Oracle (NYSE:ORCL) laid out a roadmap to impressive revenue and EPS gains over the next several years at the company’s CloudWorld conference and Analyst Day in Las Vegas this week, prompting positive reviews from most investment firms.
Oracle climbed 2% during early market action on Friday.
Oracle shares increased 16% over the past five trading days. The spark started with the release of the software and cloud solution company’s first quarter earnings report on Monday. The rally continued after the company’s Analyst Day on Thursday, when it revealed annual revenue will hit $104B by 2029 while earnings per share will increase more than 20% over the period.
“This matched the bullishness the Company has been coyly hinting at for a number of months now; this was the upside to expectations that justifies continued multiple expansion, in our view,” said KeyBanc analyst Jackson Ader, in an investor note.

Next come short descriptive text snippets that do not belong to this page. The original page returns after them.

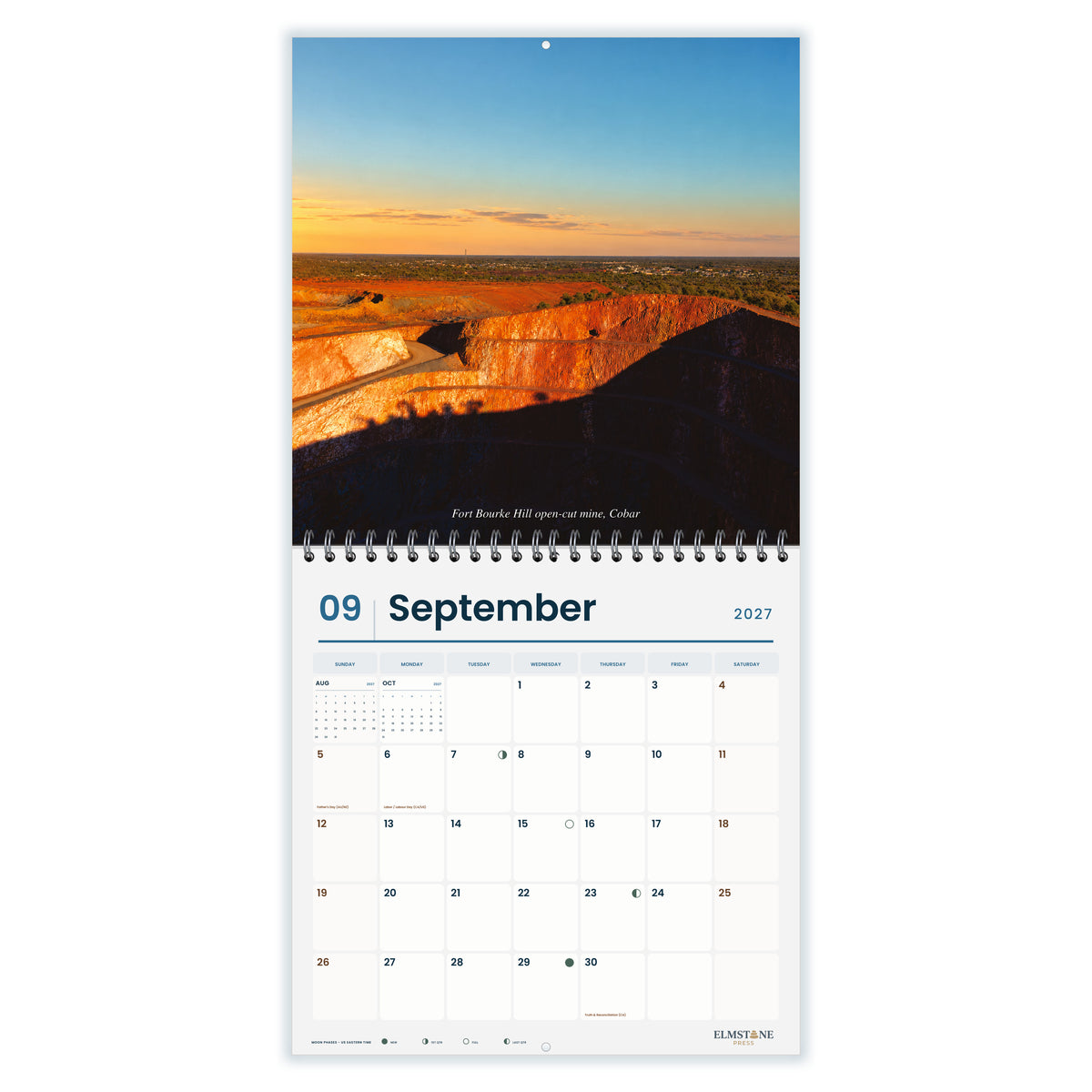 Outback_NSW_-_649310203031_-_04-september-open-white.jpg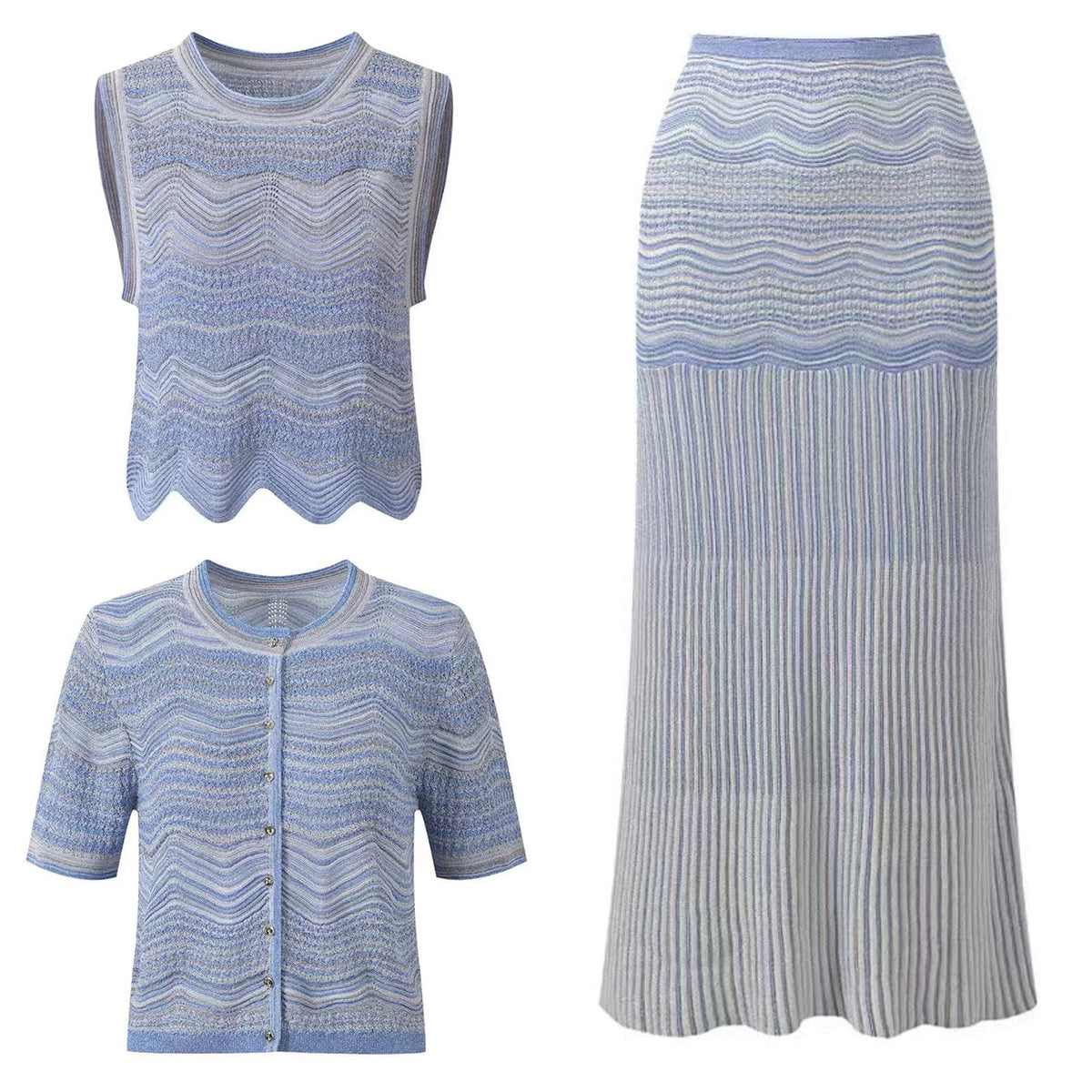 Sandro product image 1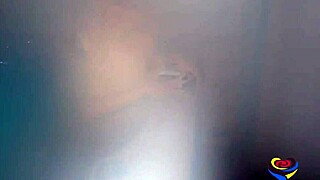 rex ryder's xxx clip ailee anne cheats sucking huge cock publicly at resort petite deepthroat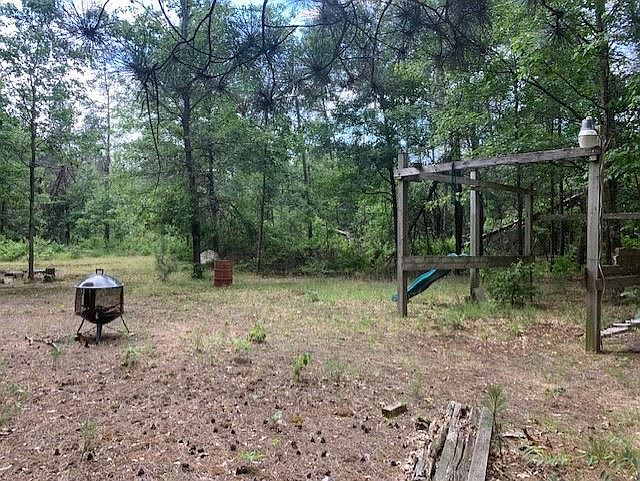 1st image of N16197 23rd Ave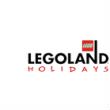 Legoland Holidays Discount Code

“The targeted 20%+ EPS growth between FY26 and FY29 implies incremental margins north of 50% for those years, showing that the expense base will not need to grow nearly as quickly as the top line,” Ader added.
KeyBanc maintains its Overweight rating on the stock and increased its price target to $190 from $175.
“Oracle is clearly making strides with the cloud in both infrastructure and applications, with a growing regional footprint (50 public cloud regions across 24 countries with each region offering 100+ cloud services),” said Bank of America Securities analysts Brad Sills and Carly Liu, in a Friday investor note.
BofA maintained its Neutral rating and increased its price target to $195 from $175. The firm also increased its fiscal years 2026 and 2027 revenue estimates to $65B from $64B and $73B from $71B, respectively.
“In the applications stack, the roadmap includes the introduction of 50+ AI-enabled agents to the Fusion Cloud Applications Suite,” Sills added.
Evercore maintained its Outperform rating on Oracle, and raised its price target to $190 from $175.
Meanwhile, Stifel rates the stock at Hold, and has a lower price target of $155.
“While sustained revenue growth is likely in coming years as existing hyperscaler database partnerships gain momentum, it is somewhat difficult to underwrite 16% out-year growth given the consumption nature of this revenue growth,” said Stifel analyst Brad Reback.
Oracle has a Buy rating from both Seeking Alpha and Wall Street analysts. It has a Hold rating from Seeking Alpha’s Quant system, which routinely beats the market.